In vivo, alpelisib inhibited the PI3K/AKT signaling pathway and reduced tumor growth in xenograft models, including models of breast cancer. PI3K inhibition by alpelisib treatment has increased estrogen receptor (ER) transcription in breast cancer cells. The combination of alpelisib and fulvestrant demonstrated increased antitumor activity compared to either treatment alone in xenograft models derived from ER+ and PIK3CA mutated breast cancer cell lines.

Emerging Drugs

ARV-471 (vepdegestrant): Arvinas

ARV-471 is an investigational, oral PROTAC estrogen receptor protein degrader for the treatment of patients with estrogen receptor (ER) positive/human epidermal growth factor receptor 2 (HER2) negative (ER+/HER2-) locally advanced or metastatic breast cancer. Arvinas and Pfizer are collaborating to develop and commercialize vepdegestrant. This program is currently in Phase III clinical studies.

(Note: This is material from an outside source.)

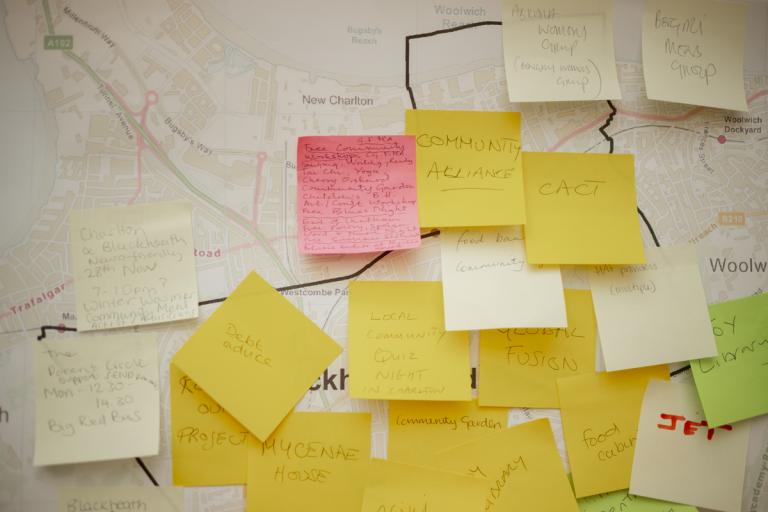 A map of Greenwich with multicoloured post-its that list ideas for community activities like quiz nights, a community garden, toy library and more.
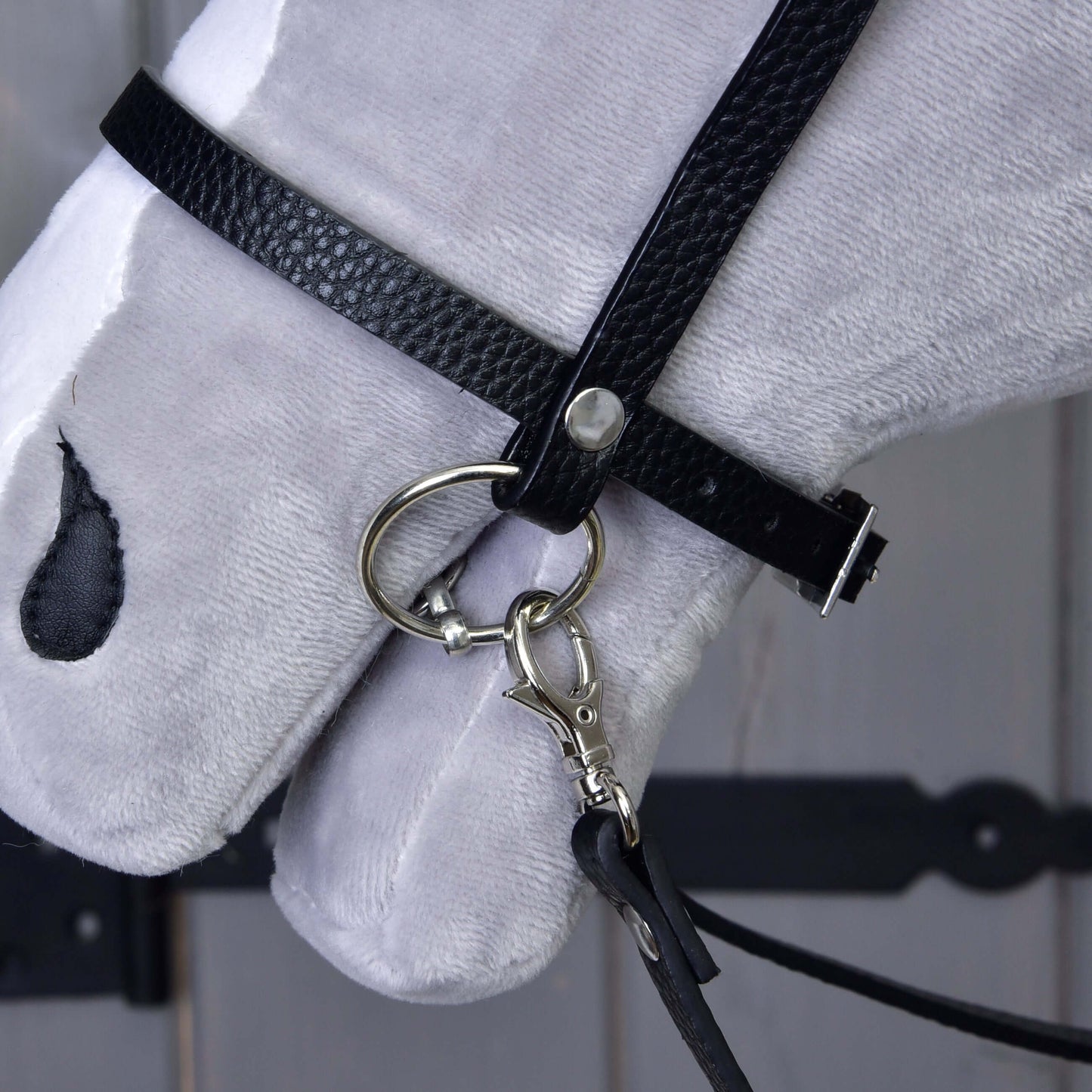 Detail hlavy bílého plyšového koně s Kompletní černou uzdečkou s kamínky od Hobby Horse LarDen, s odnímatelnými otěžemi a anglickým nánosníkem s kovovým udidlem, na dřevěném pozadí s viditelným tmavým kováním.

In the first quarter of 2023, Arvinas and Pfizer requested a meeting with the US Food and Drug Administration, or the FDA, to review the proposed update to the trial protocol for the VERITAC-3 first-line, metastatic ER+/HER2- breast cancer Phase III trial of ARV-471 in combination with IBRANCE (palbociclib) to determine the optimal dose of palbociclib as part of the trial design.

OP1250 (palazestrant): Olema Pharmaceuticals

OP-1250 is a small molecule complete estrogen receptor antagonist (CERAN). OP-1250 competes with the endogenous activating estrogenic ligand 17-beta estradiol for binding in the ligand-binding pocket. OP-1250 blocks estrogen-driven transcriptional activity inhibits estrogen-driven breast cancer cell growth, and induces degradation of the estrogen receptor.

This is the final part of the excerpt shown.